Generally speaking, the inherited_olists are used for forwarding, and the immediate_olists are used to make decisions about state maintenance. immediate_olist(*,G) = joins(*,G) (+) pim_include(*,G) (-) lost_assert(*,G) immediate_olist(S,G) = joins(S,G) (+) pim_include(S,G) (-) lost_assert(S,G) inherited_olist(S,G,rpt) = ( joins(*,G) (-) prunes(S,G,rpt) ) (+) ( pim_include(*,G) (-) pim_exclude(S,G)) (-) ( lost_assert(*,G) (+) lost_assert(S,G,rpt) ) inherited_olist(S,G) = inherited_olist(S,G,rpt) (+) joins(S,G) (+) pim_include(S,G) (-) lost_assert(S,G) The macros pim_include(*,G) and pim_include(S,G) indicate the interfaces to which traffic might be forwarded because of hosts that are local members on that interface.
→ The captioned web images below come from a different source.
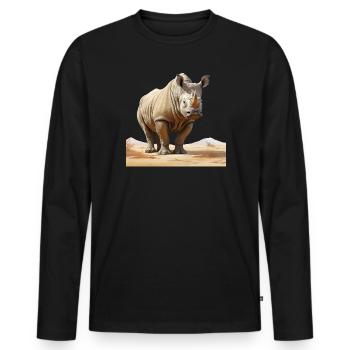 Illustration de rhinocéros du désert - T-shirt manches longues Premium bio Homme - noir - Devant - Nico (187cm)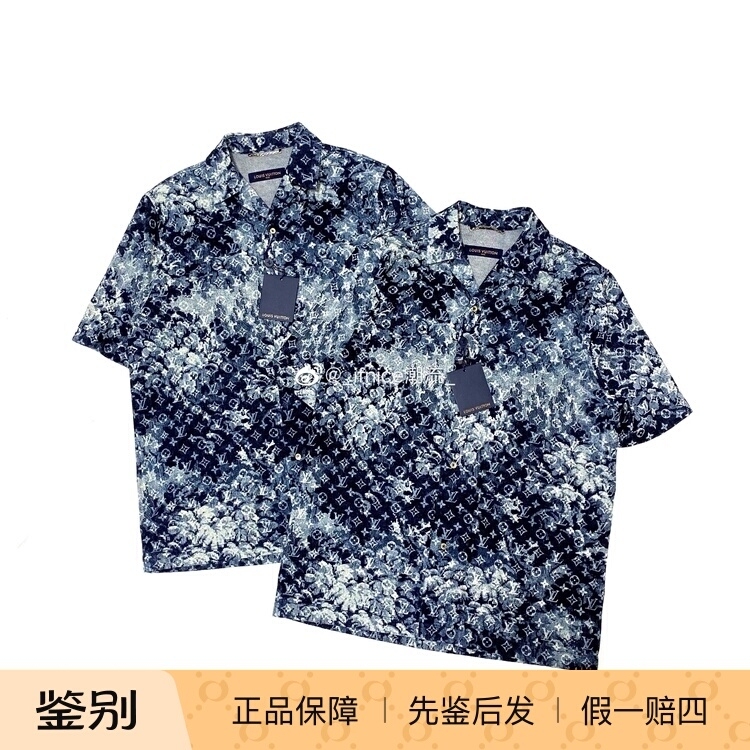 Louis Vuitton Lv Floral Denim All-Over Logo Short-Sleeve Shirt with Tapestry Pattern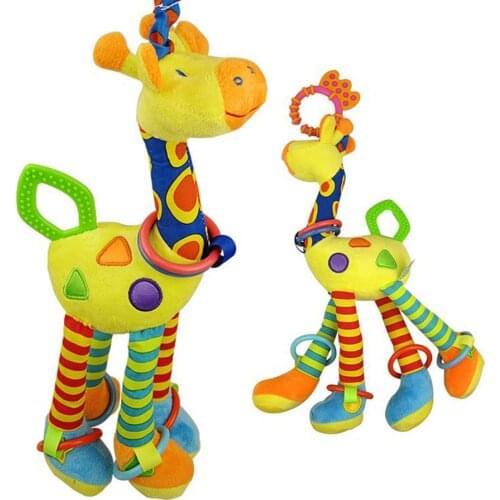 Infant Baby Rattles Toys With Teether Plush Giraffe Activity Baby Bed Pram Hanging Toy Stroller Newborn Children Educational Toy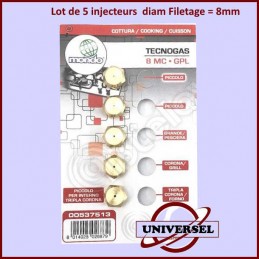 Jeu de 5 injecteurs standard pour gaz butane Ø8mm CYB-135405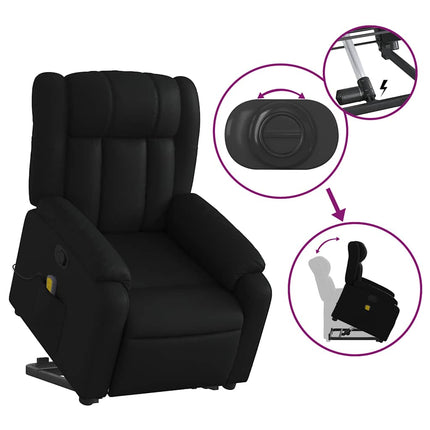 Stand up Massage Recliner Chair Black Faux Leather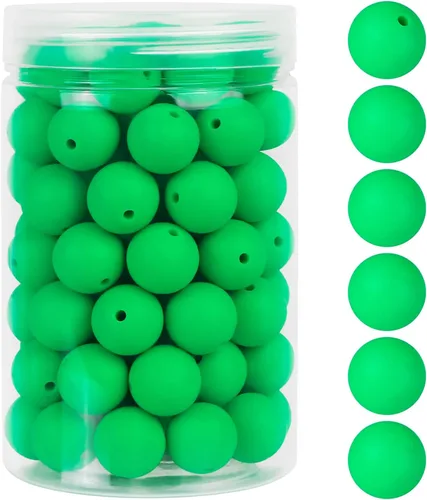 Miniatura 12 de EVERMARKET - 110 cuentas focales de silicona, cuentas de silicona de 0.59 pulgadas para hacer llaveros, cuentas redondas de silicona a granel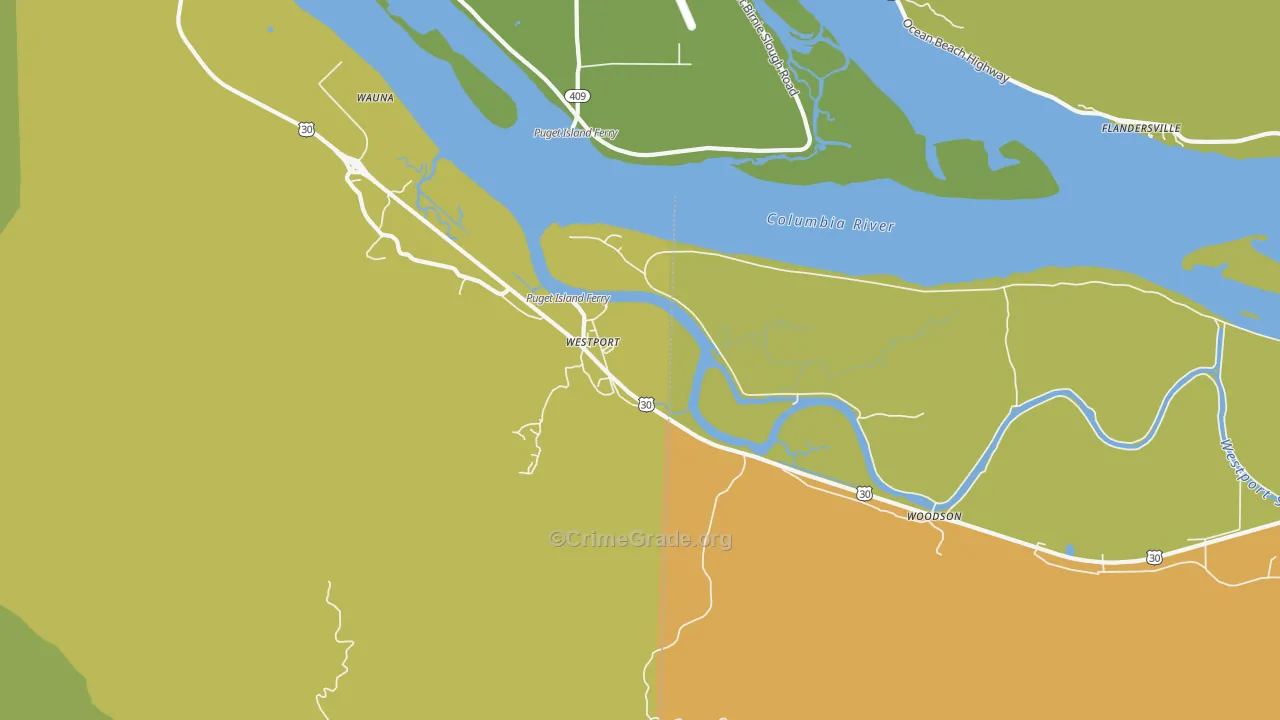 Westport, OR Map of Murder Rates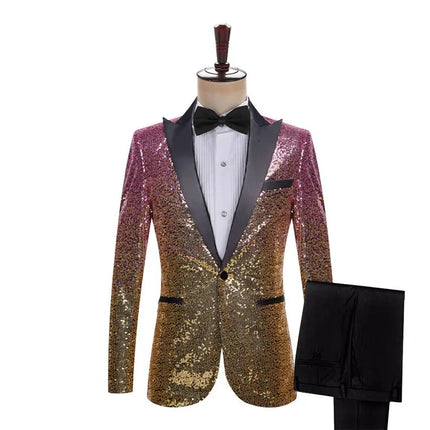 Men's Fashion Gradient Sequined Tuxedo Suit Peak lapel Men's Suit (Blazer + Vest + Pants+Bow tie) 3 pieces sweetearing 3XLPink-Gold Tuxedos, Formalwear, Wedding suits, Business suits, Slim-fit suits, Classic suits, Black-tie attire, Dinner jackets, Prom suits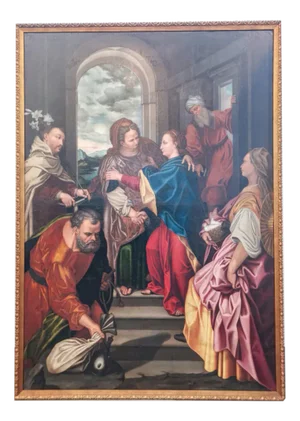 Lombard School Artist, Visitation of Mary, 16th Century, Oil on Canvas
Note that normally only the DR cares about local membership, but when an assert happens, the assert winner takes over responsibility for forwarding traffic to local members that have requested traffic on a group or source/group pair. pim_include(*,G) = { all interfaces I such that: ( ( I_am_DR( I ) AND lost_assert(*,G,I) == FALSE ) OR AssertWinner(*,G,I) == me ) AND local_receiver_include(*,G,I) } pim_include(S,G) = { all interfaces I such that: ( (I_am_DR( I ) AND lost_assert(S,G,I) == FALSE ) OR AssertWinner(S,G,I) == me ) AND local_receiver_include(S,G,I) } pim_exclude(S,G) = { all interfaces I such that: ( (I_am_DR( I ) AND lost_assert(*,G,I) == FALSE ) OR AssertWinner(*,G,I) == me ) AND local_receiver_exclude(S,G,I) } The clause "local_receiver_include(S,G,I)" is true if the IGMP/MLD module or other local membership mechanism has determined that local members on interface I desire to receive traffic sent specifically by S to G. "local_receiver_include(*,G,I)" is true if the IGMP/MLD
module or other local membership mechanism has determined that local members on interface I desire to receive all traffic sent to G (possibly excluding traffic from a specific set of sources). "local_receiver_exclude(S,G,I)" is true if "local_receiver_include(*,G,I)" is true but none of the local members desire to receive traffic from S. The set "joins(*,G)" is the set of all interfaces on which the router has received (*,G) Joins: joins(*,G) = { all interfaces I such that DownstreamJPState(*,G,I) is either Join or Prune-Pending } DownstreamJPState(*,G,I) is the state of the finite state machine in Section 4.5.1. The set "joins(S,G)" is the set of all interfaces on which the router has received (S,G) Joins: joins(S,G) = { all interfaces I such that DownstreamJPState(S,G,I) is either Join or Prune-Pending } DownstreamJPState(S,G,I) is the state of the finite state machine in Section 4.5.2. The set "prunes(S,G,rpt)" is the set of all interfaces on which the router has received (*,G) joins and (S,G,rpt) prunes: prunes(S,G,rpt) = { all interfaces I such that DownstreamJPState(S,G,rpt,I) is Prune or PruneTmp } DownstreamJPState(S,G,rpt,I) is the state of the finite state machine in Section 4.5.3. The set "lost_assert(*,G)" is the set of all interfaces on which the router has received (*,G) joins but has lost a (*,G) assert. The macro lost_assert(*,G,I) is defined in Section 4.6.5. lost_assert(*,G) = { all interfaces I such that lost_assert(*,G,I) == TRUE } The set "lost_assert(S,G,rpt)" is the set of all interfaces on which the router has received (*,G) joins but has lost an (S,G) assert. The macro lost_assert(S,G,rpt,I) is defined in Section 4.6.5.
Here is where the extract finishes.